→ **YOUR OBJECTIVE**
The reply should hold only the lines from the one with "GA license plate CCD1530" to the one with "Pismo papir sa", both ends kept, exactly as they appear below, without any pictures.

→ **SOURCE DATA**
/---
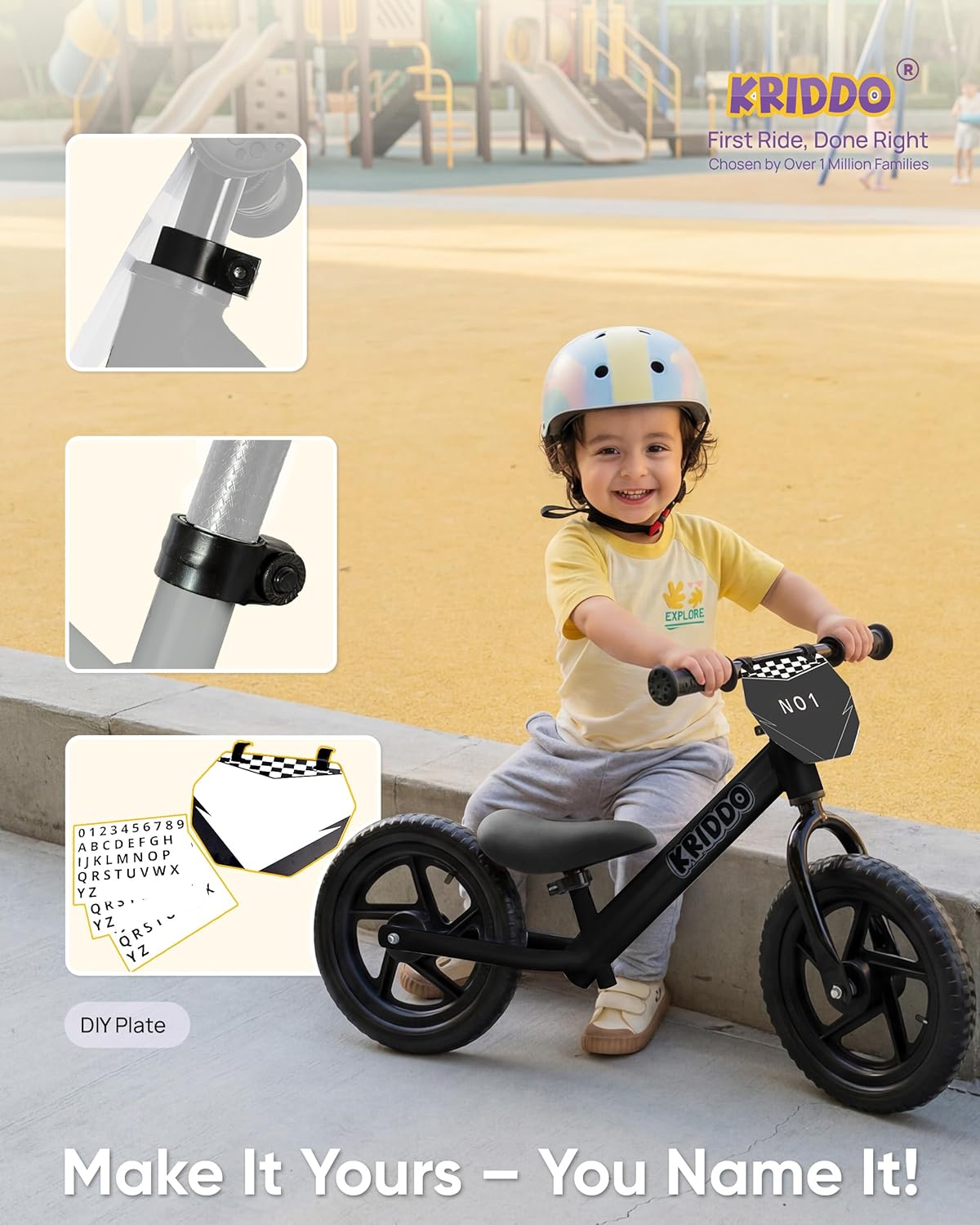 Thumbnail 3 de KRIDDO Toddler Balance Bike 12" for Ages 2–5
\---
/---
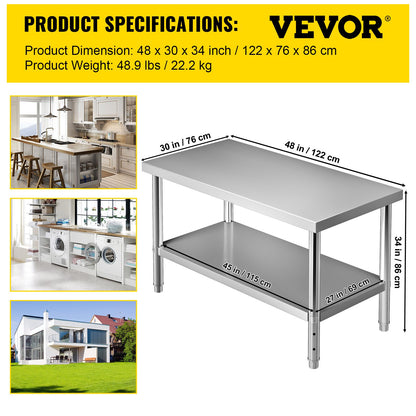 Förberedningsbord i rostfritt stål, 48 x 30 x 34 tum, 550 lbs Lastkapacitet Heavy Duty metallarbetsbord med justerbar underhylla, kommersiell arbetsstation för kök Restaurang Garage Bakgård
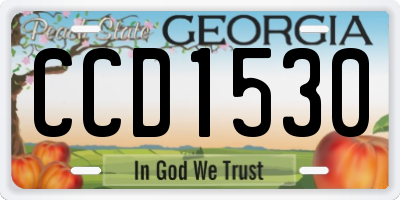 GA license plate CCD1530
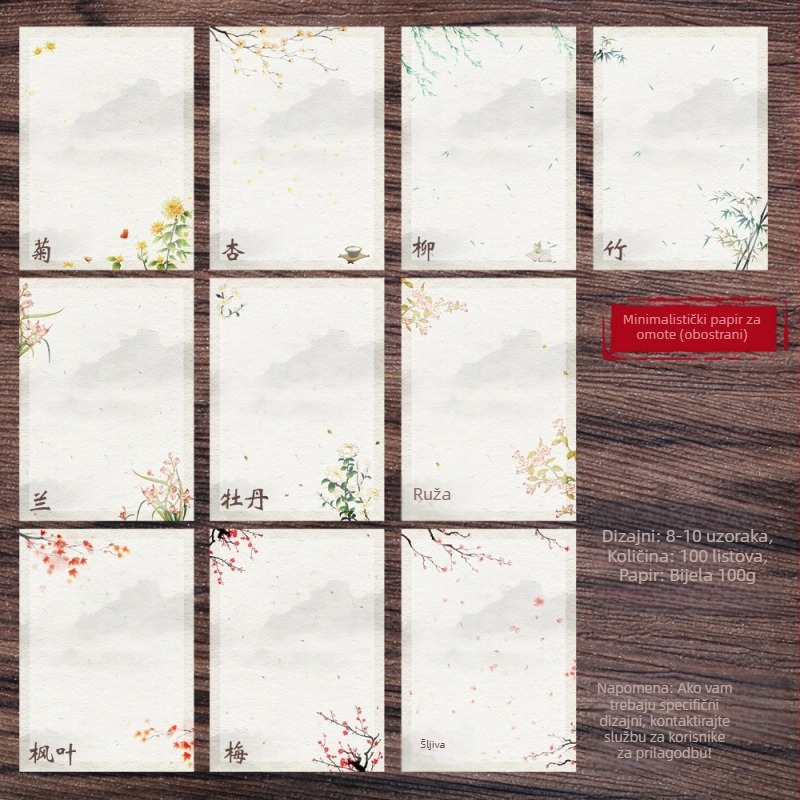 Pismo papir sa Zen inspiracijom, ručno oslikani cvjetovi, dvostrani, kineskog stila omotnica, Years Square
\---
→ **TASK RESULT**
 GA license plate CCD1530
 Pismo papir sa Zen inspiracijom, ručno oslikani cvjetovi, dvostrani, kineskog stila omotnica, Years Square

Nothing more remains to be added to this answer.